- TASK: Could each entry be returned exactly as it appears?

- MATERIAL TO PROCESS:

Content starts

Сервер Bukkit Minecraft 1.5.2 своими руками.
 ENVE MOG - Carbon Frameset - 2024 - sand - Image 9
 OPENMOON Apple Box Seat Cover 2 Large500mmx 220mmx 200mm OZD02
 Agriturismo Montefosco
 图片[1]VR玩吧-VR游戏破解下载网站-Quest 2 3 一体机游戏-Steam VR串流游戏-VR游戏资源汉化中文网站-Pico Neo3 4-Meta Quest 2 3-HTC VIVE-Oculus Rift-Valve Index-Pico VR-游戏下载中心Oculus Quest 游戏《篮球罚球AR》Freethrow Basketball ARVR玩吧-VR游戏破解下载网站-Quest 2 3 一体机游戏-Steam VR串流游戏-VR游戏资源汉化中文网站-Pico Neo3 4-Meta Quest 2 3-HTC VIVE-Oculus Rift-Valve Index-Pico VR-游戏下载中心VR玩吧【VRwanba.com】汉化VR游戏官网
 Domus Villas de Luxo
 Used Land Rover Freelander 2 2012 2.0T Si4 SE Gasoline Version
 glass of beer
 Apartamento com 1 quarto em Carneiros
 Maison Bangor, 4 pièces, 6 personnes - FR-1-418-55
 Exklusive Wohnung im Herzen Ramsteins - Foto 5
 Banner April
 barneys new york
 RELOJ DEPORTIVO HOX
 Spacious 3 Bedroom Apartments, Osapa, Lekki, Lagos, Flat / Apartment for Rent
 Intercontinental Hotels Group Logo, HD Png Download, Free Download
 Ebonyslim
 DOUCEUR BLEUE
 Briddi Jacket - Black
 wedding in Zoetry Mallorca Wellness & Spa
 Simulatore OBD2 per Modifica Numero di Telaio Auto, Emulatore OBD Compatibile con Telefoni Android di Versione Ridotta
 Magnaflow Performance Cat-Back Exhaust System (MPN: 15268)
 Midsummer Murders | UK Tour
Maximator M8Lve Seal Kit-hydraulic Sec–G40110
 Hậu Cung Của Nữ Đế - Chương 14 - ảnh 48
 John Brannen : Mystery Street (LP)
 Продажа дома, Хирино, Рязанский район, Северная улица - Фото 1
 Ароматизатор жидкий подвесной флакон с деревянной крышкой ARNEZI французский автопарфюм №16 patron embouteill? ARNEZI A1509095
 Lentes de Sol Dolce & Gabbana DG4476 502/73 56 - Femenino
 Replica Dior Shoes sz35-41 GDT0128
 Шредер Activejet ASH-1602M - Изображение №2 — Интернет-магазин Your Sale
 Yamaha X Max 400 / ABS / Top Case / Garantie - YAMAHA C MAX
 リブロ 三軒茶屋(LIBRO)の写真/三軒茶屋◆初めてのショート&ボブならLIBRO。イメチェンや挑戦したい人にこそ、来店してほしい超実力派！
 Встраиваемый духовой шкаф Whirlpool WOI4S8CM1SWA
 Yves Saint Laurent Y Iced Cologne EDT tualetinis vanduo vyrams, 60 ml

Content ends

- WRITTEN REPLY:
Сервер Bukkit Minecraft 1.5.2 своими руками.
 ENVE MOG - Carbon Frameset - 2024 - sand - Image 9
 OPENMOON Apple Box Seat Cover 2 Large500mmx 220mmx 200mm OZD02
 Agriturismo Montefosco
 图片[1]VR玩吧-VR游戏破解下载网站-Quest 2 3 一体机游戏-Steam VR串流游戏-VR游戏资源汉化中文网站-Pico Neo3 4-Meta Quest 2 3-HTC VIVE-Oculus Rift-Valve Index-Pico VR-游戏下载中心Oculus Quest 游戏《篮球罚球AR》Freethrow Basketball ARVR玩吧-VR游戏破解下载网站-Quest 2 3 一体机游戏-Steam VR串流游戏-VR游戏资源汉化中文网站-Pico Neo3 4-Meta Quest 2 3-HTC VIVE-Oculus Rift-Valve Index-Pico VR-游戏下载中心VR玩吧【VRwanba.com】汉化VR游戏官网
 Domus Villas de Luxo
 Used Land Rover Freelander 2 2012 2.0T Si4 SE Gasoline Version
 glass of beer
 Apartamento com 1 quarto em Carneiros
 Maison Bangor, 4 pièces, 6 personnes - FR-1-418-55
 Exklusive Wohnung im Herzen Ramsteins - Foto 5
 Banner April
 barneys new york
 RELOJ DEPORTIVO HOX
 Spacious 3 Bedroom Apartments, Osapa, Lekki, Lagos, Flat / Apartment for Rent
 Intercontinental Hotels Group Logo, HD Png Download, Free Download
 Ebonyslim
 DOUCEUR BLEUE
 Briddi Jacket - Black
 wedding in Zoetry Mallorca Wellness & Spa
 Simulatore OBD2 per Modifica Numero di Telaio Auto, Emulatore OBD Compatibile con Telefoni Android di Versione Ridotta
 Magnaflow Performance Cat-Back Exhaust System (MPN: 15268)
 Midsummer Murders | UK Tour
Maximator M8Lve Seal Kit-hydraulic Sec–G40110
 Hậu Cung Của Nữ Đế - Chương 14 - ảnh 48
 John Brannen : Mystery Street (LP)
 Продажа дома, Хирино, Рязанский район, Северная улица - Фото 1
 Ароматизатор жидкий подвесной флакон с деревянной крышкой ARNEZI французский автопарфюм №16 patron embouteill? ARNEZI A1509095
 Lentes de Sol Dolce & Gabbana DG4476 502/73 56 - Femenino
 Replica Dior Shoes sz35-41 GDT0128
 Шредер Activejet ASH-1602M - Изображение №2 — Интернет-магазин Your Sale
 Yamaha X Max 400 / ABS / Top Case / Garantie - YAMAHA C MAX
 リブロ 三軒茶屋(LIBRO)の写真/三軒茶屋◆初めてのショート&ボブならLIBRO。イメチェンや挑戦したい人にこそ、来店してほしい超実力派！
 Встраиваемый духовой шкаф Whirlpool WOI4S8CM1SWA
 Yves Saint Laurent Y Iced Cologne EDT tualetinis vanduo vyrams, 60 ml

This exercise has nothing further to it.